Inspire

Here is a word that has travelled a long way! These days, the most common use of the word is to convey the idea of “filling with positive energy, animating with a particular idea, having a positive effect on somebody’s intellect”, or similar.

The Merriam-Webster Dictionary has “to make someone want to do something” as its first definition (you can see the others here).  Similarly, the definition in Macmillan Dictionary starts with “to give someone the enthusiasm to do or create something”.

So it seems that today the word is mostly understood in terms of effects of thoughts, desires and so on.

But this was not always the case. It started out as a religious word.
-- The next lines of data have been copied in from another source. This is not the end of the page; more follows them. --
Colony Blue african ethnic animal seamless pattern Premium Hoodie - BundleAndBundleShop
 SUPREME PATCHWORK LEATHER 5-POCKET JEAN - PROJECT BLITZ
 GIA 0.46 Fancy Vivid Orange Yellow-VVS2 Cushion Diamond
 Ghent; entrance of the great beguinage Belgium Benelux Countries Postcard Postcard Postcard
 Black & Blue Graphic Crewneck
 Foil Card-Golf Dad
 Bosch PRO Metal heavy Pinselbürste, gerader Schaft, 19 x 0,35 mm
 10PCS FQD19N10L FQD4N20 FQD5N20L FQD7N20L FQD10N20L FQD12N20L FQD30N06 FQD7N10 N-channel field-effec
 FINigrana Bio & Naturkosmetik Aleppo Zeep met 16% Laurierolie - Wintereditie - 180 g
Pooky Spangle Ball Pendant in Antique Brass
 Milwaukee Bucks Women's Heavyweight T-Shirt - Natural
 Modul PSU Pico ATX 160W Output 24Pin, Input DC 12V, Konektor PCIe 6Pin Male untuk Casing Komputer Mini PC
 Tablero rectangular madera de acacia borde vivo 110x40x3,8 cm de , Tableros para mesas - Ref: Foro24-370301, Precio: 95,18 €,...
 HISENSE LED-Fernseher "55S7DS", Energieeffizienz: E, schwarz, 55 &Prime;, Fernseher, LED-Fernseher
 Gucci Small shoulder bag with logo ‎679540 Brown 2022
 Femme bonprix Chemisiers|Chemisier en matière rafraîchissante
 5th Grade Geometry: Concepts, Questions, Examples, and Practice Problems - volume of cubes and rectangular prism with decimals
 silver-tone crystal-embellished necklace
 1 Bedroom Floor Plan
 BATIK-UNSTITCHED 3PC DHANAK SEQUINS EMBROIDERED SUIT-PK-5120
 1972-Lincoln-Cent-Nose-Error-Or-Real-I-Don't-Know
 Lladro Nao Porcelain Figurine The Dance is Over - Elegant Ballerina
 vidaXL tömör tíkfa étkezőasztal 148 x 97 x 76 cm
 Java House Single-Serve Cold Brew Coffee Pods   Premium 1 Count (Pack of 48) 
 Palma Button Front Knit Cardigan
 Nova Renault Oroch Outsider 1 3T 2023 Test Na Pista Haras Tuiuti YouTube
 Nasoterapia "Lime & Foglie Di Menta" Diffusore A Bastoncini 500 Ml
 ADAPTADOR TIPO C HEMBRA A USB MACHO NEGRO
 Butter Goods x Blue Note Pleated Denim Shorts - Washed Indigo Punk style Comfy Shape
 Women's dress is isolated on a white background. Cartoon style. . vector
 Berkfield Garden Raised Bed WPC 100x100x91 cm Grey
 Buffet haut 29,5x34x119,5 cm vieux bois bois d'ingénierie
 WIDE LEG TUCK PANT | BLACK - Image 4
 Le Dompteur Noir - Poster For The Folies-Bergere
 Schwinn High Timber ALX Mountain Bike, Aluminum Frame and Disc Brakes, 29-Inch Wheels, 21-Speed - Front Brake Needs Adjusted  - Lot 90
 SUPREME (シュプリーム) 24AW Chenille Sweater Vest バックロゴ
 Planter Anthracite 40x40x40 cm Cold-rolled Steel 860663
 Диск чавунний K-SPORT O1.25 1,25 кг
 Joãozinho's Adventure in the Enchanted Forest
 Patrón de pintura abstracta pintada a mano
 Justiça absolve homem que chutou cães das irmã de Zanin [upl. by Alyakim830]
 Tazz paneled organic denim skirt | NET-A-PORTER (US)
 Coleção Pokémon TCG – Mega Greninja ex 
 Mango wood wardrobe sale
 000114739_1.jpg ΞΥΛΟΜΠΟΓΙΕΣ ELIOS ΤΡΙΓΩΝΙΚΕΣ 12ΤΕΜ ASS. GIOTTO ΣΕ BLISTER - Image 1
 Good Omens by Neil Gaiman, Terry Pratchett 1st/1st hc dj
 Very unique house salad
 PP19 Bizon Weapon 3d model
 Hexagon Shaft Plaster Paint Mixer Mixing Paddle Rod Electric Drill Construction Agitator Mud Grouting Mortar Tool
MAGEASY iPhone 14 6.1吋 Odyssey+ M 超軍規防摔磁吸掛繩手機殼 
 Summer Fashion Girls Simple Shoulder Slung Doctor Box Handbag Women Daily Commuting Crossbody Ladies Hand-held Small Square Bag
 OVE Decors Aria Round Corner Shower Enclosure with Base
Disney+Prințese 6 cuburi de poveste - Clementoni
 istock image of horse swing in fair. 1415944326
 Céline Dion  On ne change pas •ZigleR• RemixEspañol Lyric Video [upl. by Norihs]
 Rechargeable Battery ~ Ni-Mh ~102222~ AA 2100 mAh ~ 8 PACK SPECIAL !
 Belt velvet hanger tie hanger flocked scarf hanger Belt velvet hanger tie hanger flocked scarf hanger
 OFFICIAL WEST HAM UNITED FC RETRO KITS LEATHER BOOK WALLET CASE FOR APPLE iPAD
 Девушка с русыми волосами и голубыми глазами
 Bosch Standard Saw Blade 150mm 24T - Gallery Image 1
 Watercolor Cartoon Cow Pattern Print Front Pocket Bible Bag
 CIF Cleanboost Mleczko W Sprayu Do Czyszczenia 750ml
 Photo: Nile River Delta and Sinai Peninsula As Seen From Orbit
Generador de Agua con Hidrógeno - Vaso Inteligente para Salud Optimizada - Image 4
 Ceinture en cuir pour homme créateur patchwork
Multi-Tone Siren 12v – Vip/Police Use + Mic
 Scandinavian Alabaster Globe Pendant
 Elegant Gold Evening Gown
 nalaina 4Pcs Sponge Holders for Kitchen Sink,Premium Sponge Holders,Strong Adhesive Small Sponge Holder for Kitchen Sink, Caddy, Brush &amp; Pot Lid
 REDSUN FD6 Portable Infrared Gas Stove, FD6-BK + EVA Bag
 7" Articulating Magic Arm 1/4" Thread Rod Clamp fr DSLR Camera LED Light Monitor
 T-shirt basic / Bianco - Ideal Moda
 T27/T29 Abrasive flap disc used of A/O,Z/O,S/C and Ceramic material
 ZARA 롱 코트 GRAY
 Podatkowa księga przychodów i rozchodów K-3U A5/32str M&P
The Oxford English Dictionary tells us: “the word was originally used of a divine or supernatural being, in the sense ‘impart a truth or idea to someone’.” The gospel writers, for example, were said to have been inspired.

If we go back to the mid 14th century, we can find the form enspiren, alongside inspiren. Here is an example from 1390 from the Pistel of Swete Susan, a biblical story in the form of alliterative poetry:

Preye we to god vr soules enspire

(We pray that god may inspire our souls)

This Middle English form was from a 13th century Old French form; enspirer. This in turn came from Latin inspirare, which meant “to blow into”. It is made up of two elements; in + spirare. The first part, as we have seen before, means “into”, while the second means “blow”. Interestingly, this form is itself a loan-translation, or a direct use of equivalent word-components in order to convey a meaning from a foreign language; in this case Greek term πνέω (pneo), meaning “breathe”, but used in a religious sense in the Bible.

So, from breathe to blow into to positive intellectual effect. An interesting journey indeed!

While we are talking about religious senses of words, you may recognise the second element of inspire in another word often used in a religious context; spirit. It is, of course from the Latin root, meaning “breathe, blow”.